A free lignocaine index was developed on the basis of measurements of plasma lignocaine and its principle binding protein, alpha 1-acid glycoprotein (AAG) in 80 samples from 16 patients admitted to the coronary care unit and given prophylactic lignocaine therapy. The free drug fraction, fu, of lignocaine was determined by equilibrium dialysis and its relationship to AAG and total lignocaine concentration (T) defined by multiple linear regression analysis as l/fu = 1.45 + 0.023 (AAG) -0.129 (T) (multiple r = 0.872, P less than 0.001). This relationship was used to calculate the 'free lignocaine index' as fu X T and compared with the observed value obtained by equilibrium dialysis of 178 samples from 41 separate subjects who received lignocaine after suspected myocardial infarction. There was a highly significant relationship (r = 0.933, n = 178, P less than 0.001) between the observed and predicted values. We conclude that the free drug index may be useful in rapidly assessing the unbound (free) concentration of lignocaine in plasma.

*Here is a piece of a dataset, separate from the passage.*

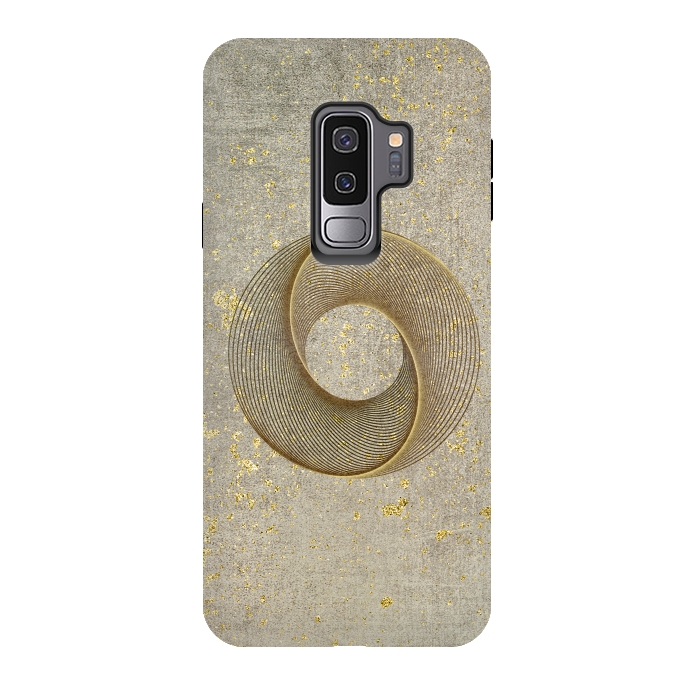 Galaxy S9 plus StrongFit Golden Line Art Circles 2 by Andrea Haase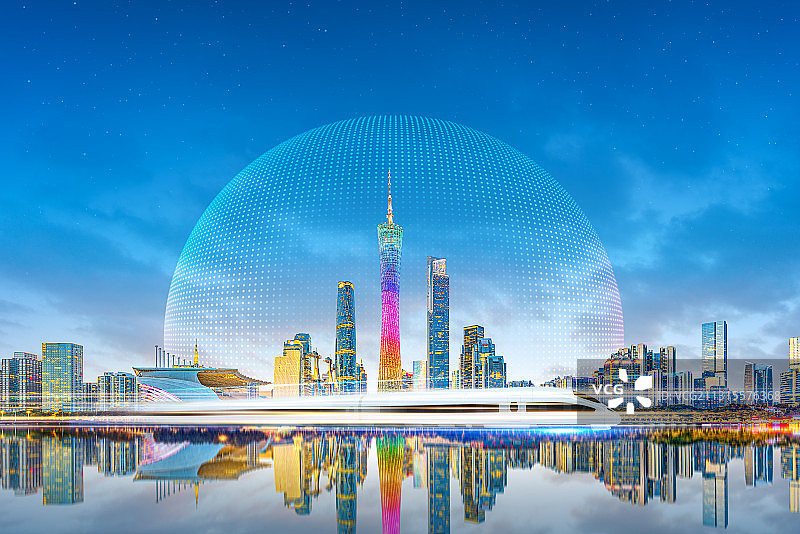 广州城市交通图片素材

在对16名入住冠心病监护病房并接受预防性利多卡因治疗的患者的80份样本进行血浆利多卡因及其主要结合蛋白α1 - 酸性糖蛋白(AAG)测量的基础上,制定了游离利多卡因指数。通过平衡透析法测定利多卡因的游离药物分数fu,并通过多元线性回归分析确定其与AAG和总利多卡因浓度(T)的关系为1/fu = 1.45 + 0.023(AAG) - 0.129(T)(复相关系数r = 0.872,P < 0.001)。利用这种关系计算“游离利多卡因指数”,即fu×T,并将其与41名单独受试者在疑似心肌梗死后接受利多卡因治疗的178份样本通过平衡透析获得的观测值进行比较。观测值与预测值之间存在高度显著的关系(r = 0.933,n = 178,P < 0.001)。我们得出结论,游离药物指数可能有助于快速评估血浆中利多卡因的未结合(游离)浓度。